[GIVEN INFORMATION]
+--
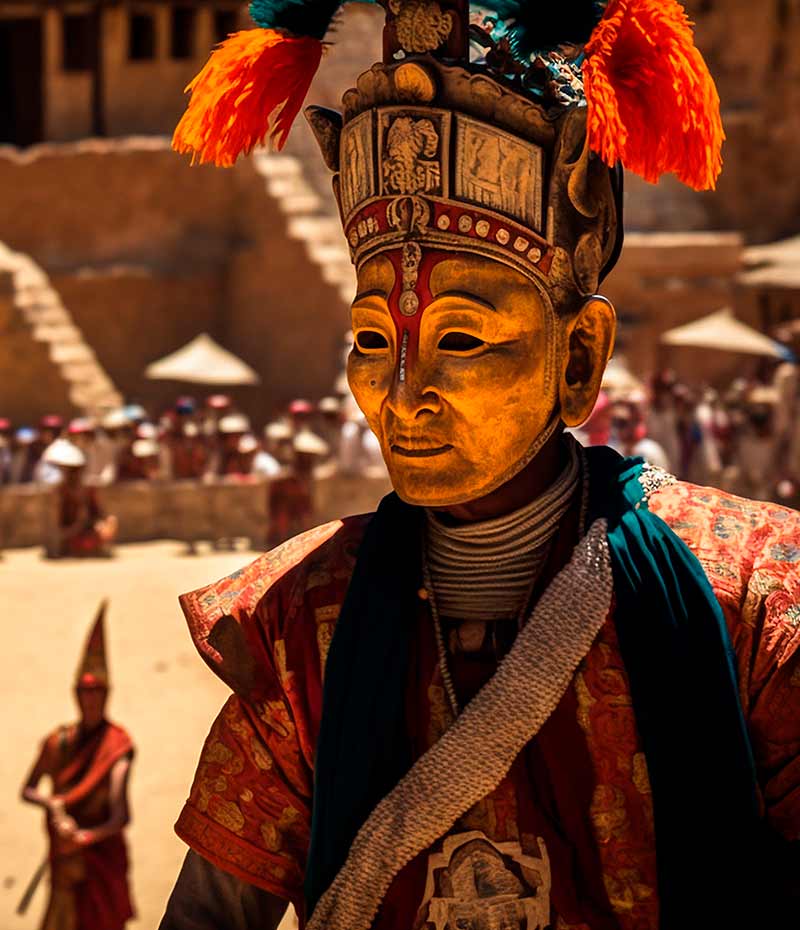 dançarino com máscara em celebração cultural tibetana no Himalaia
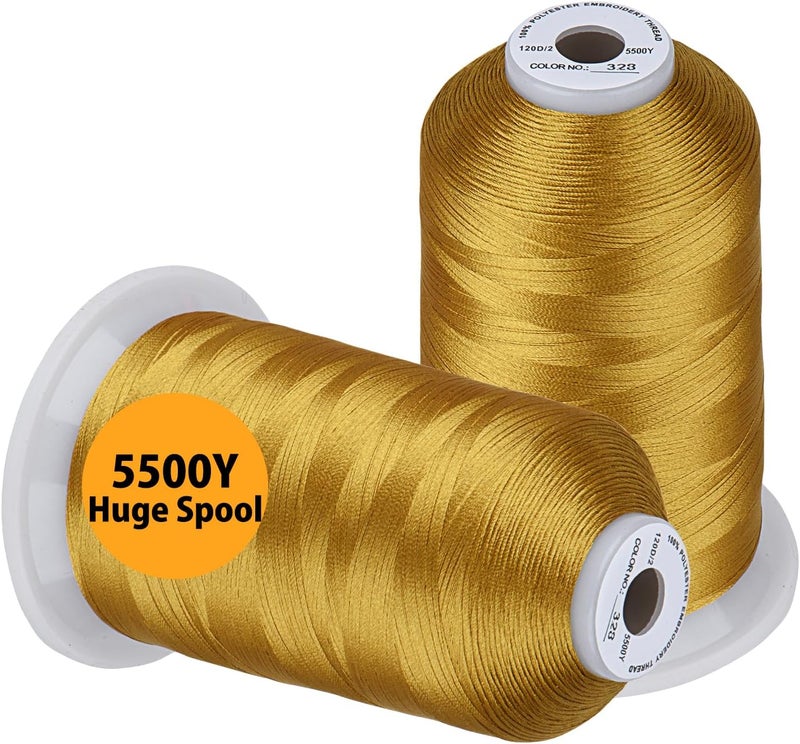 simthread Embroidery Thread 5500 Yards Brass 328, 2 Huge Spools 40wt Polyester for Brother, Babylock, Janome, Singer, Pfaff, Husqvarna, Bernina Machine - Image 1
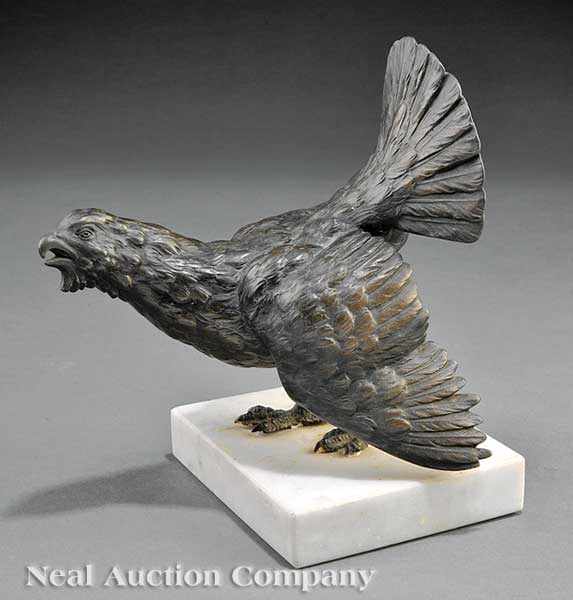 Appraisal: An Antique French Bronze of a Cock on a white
+--
[WHAT THE EXERCISE ASKS] Please make an exact copy of the whole listing and leave out its pictures.

[ANSWER TO THIS TASK]
 dançarino com máscara em celebração cultural tibetana no Himalaia
 simthread Embroidery Thread 5500 Yards Brass 328, 2 Huge Spools 40wt Polyester for Brother, Babylock, Janome, Singer, Pfaff, Husqvarna, Bernina Machine - Image 1
 Appraisal: An Antique French Bronze of a Cock on a white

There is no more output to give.